On 22 September, HZI researcher Prof Petra Dersch was this year's recipient of the top award given by the DGHM, the German Society for Hygiene and Microbiology.
The 5000 Euro award is given to scientists who are actively engaged in exceptional and typically long-term research in a current and promising area of hygiene and microbiology. Dersch received the award in recognition of her work in the area of the function and regulation of bacterial virulence factors of intestinal infectious pathogens. The prize was given to Dersch during the DGHM's 65th Annual Conference, which began on 22 September in Rostock.
Gastrointestinal infections are counted among the most common infectious diseases. In Germany, the main culprits behind these diseases are in many cases bacteria like salmonella, shigatoxin producing Escherichia coli, and Yersinia, all of which are transmitted from animal to human, mainly through contaminated foods. Petra Dersch and her colleagues in the Department of Molecular Infection Biology at the Helmholtz Centre for Infection Research (HZI) are studying Yersinia in an effort to improve our understanding of the underlying mechanisms of bacterial intestinal infections.

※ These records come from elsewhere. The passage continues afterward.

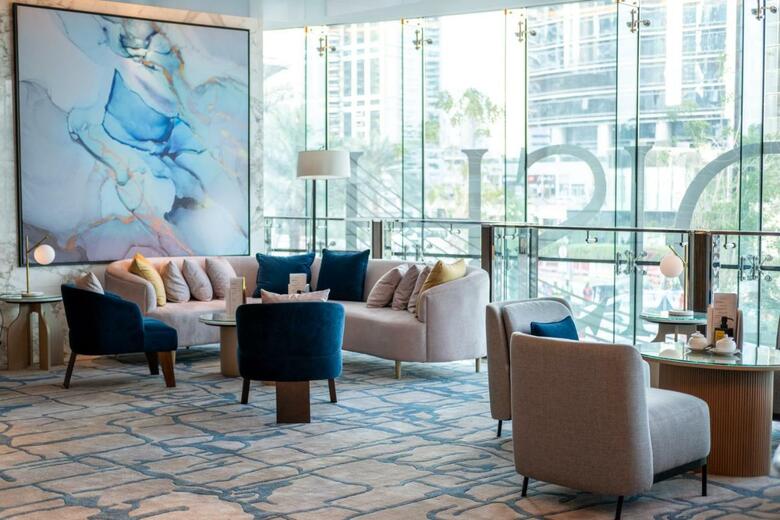 Hotel Voco - Bonnington Dubai By Ihg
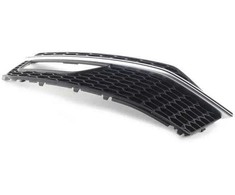 VAG Naujas originalus AUDI A4 S LINE apatinis buferio grotelių rūko žibinto apdaila kairė 8K0807681N01C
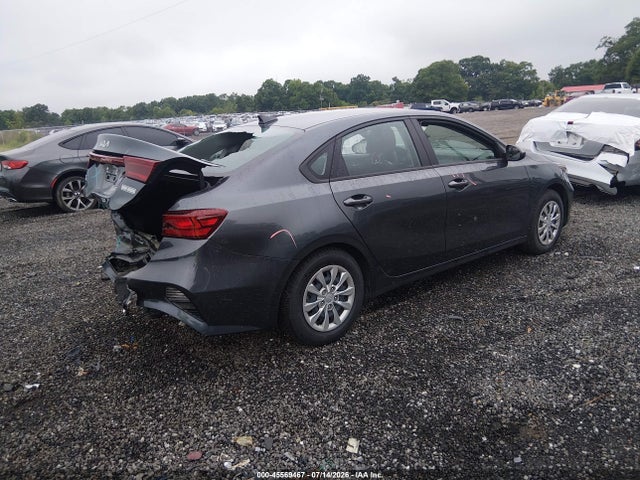 2023 KIA FORTE LX 4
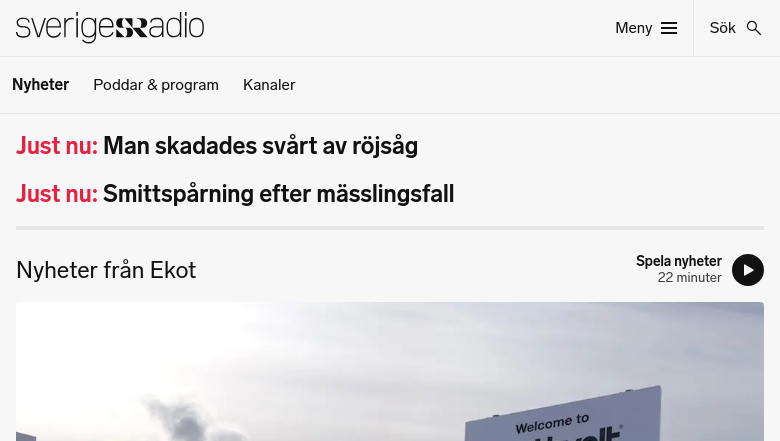 https://www.sverigesradio.se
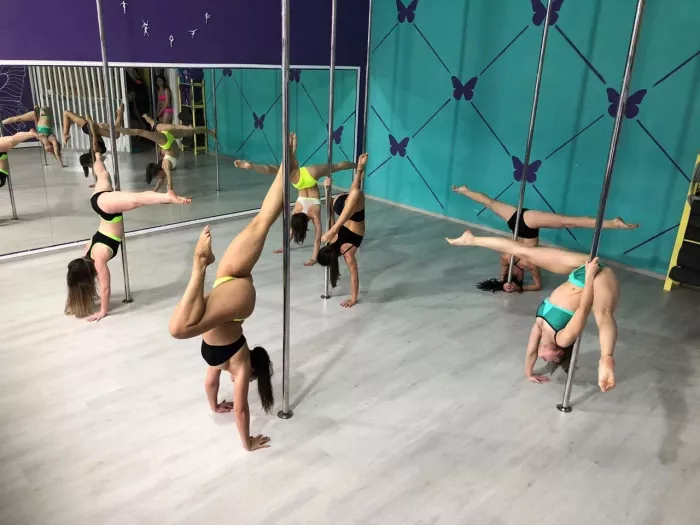 Школа танцев "Butterfly Pole Dance"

To colonize the intestine, bacteria first have to attach to the surface of the intestinal mucosa. Many pathogens are able to cross this barrier, penetrate into the deeper lying tissues, and ultimately make their way to the internal body organs. It isn’t enough, however, to colonize the host's tissues; the bacteria also have to win the fight against the host’s immune system. “In order to better understand how this works, we're looking at the regulatory mechanisms that are activated whenever a pathogen invades a host,” says the award recipient.
A role played by certain regulatory bacterial proteins and sensory RNA molecules are capable of changing shape when they heat up from 30 degrees C in the environment to 37 degrees C inside the intestine. Their new shape allows them to change their function, which may result in those genes that are needed for the infectious process to get transcribed and translated.

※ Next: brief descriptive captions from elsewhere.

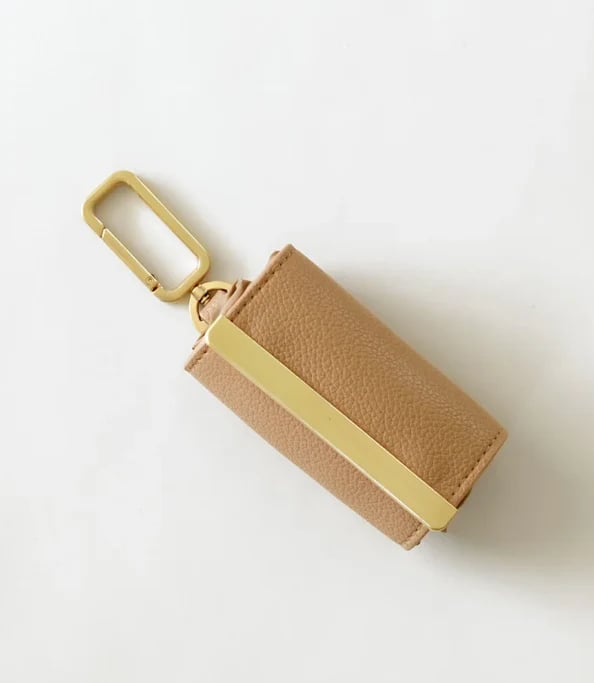 π Keychain Tote Bag | Compact & Expandable for On-the-Go Convenience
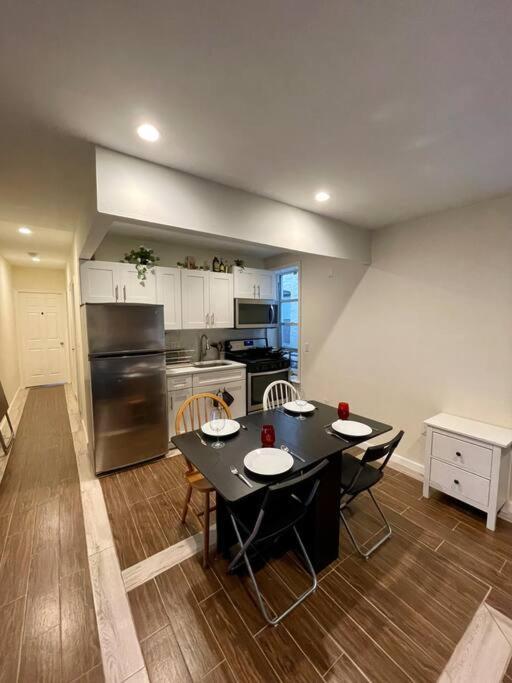 Elegant Nyc Apt 2Bedrooms 14 Minutes To Times Square! Weehawken Eksteriør bilde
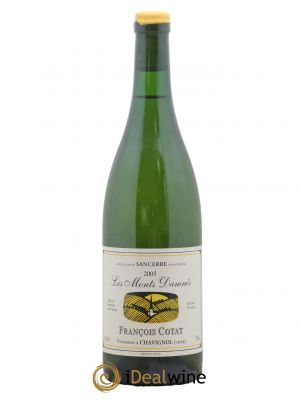 Sancerre Les Monts Damnés François Cotat 2005 - Lot de 1 Bottle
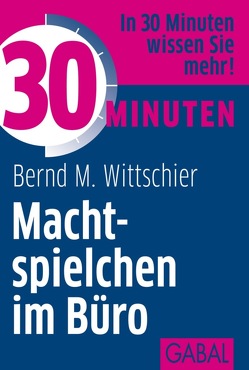 30 Minuten Machtspielchen im Büro von Wittschier,  Bernd M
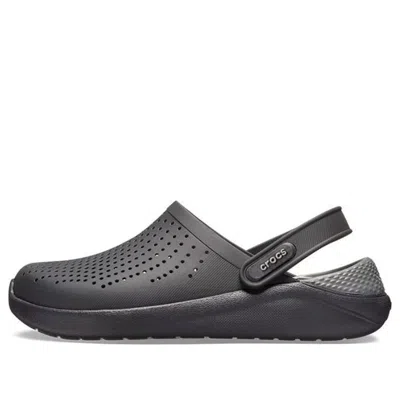 CROCS Crocs LiteRide Flash Shoes Unisex Gray Sandals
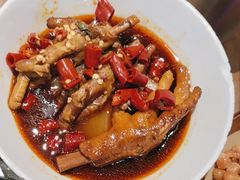 -萍姐火锅·公路夜市(南京弘阳广场店)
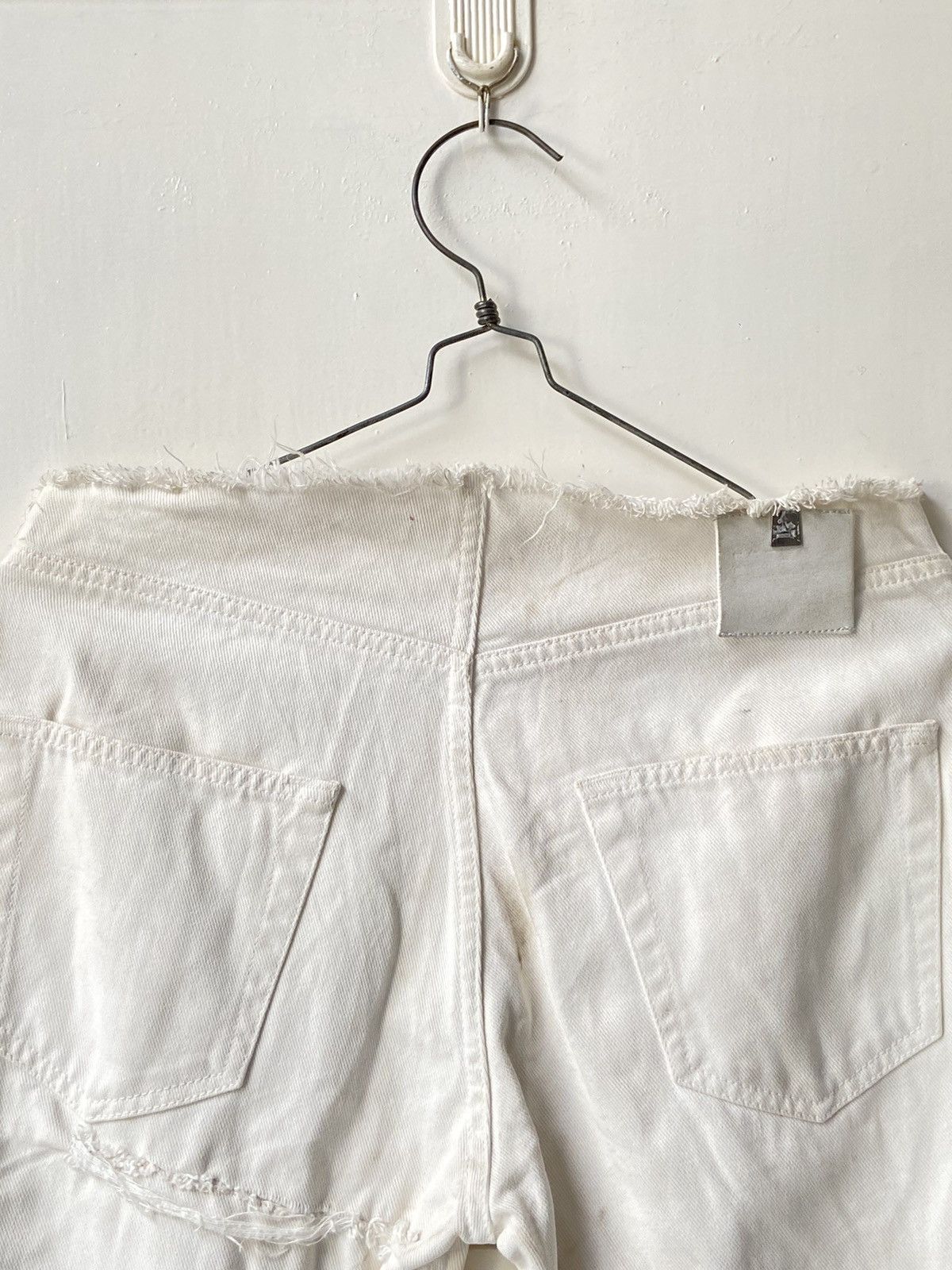 1017 ALYX 9SM ALYX White Pants Size US 29 - 17 Thumbnail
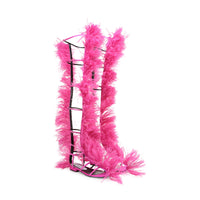 Sandales plates gladiateur Amazona - Dragon Fruit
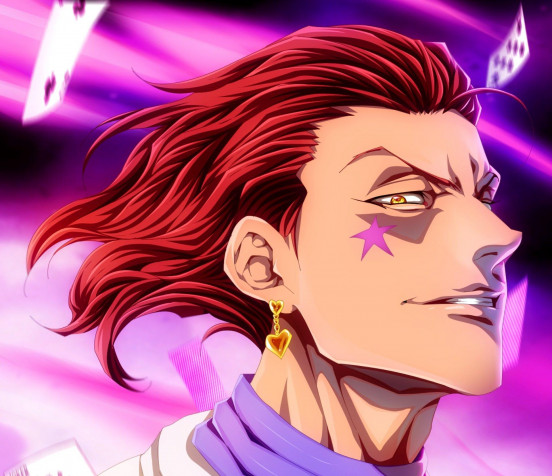 Hisoka Hd Desktop Wallpaper 1920x1654px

Dersch’s research has contributed majorly towards gaining a better understanding of when, where, and which regulatory mechanisms microorganisms use to set up an infection. Dersch sees the award as both recognition and motivation: “It’s really nice to have the research done by my team be recognized by an audience of experts in this field and it also documents to us that we’re on the right track here. Of course, that’s a strong motivating factor.”
The DGHM is a scientific society whose mission it is to bring together all of the scientists who are working in the area of microbiology and hygiene. This year’s annual conference is the 65th of its kind and has as its goal to promote exchange of the different areas of microbiology, infection immunology, as well as hygiene and health care.
Since 2008, Petra Dersch is head of the HZI's Department of Molecular Infection Biology. Dersch studied biology at the universities of Ulm and Constance and earned her Ph.D. at the Max Planck Institute for Terrestrial Microbiology in Marburg. Prior to her work at the TU Braunschweig and the HZI, she headed a junior research group at the Robert Koch Institute in Berlin.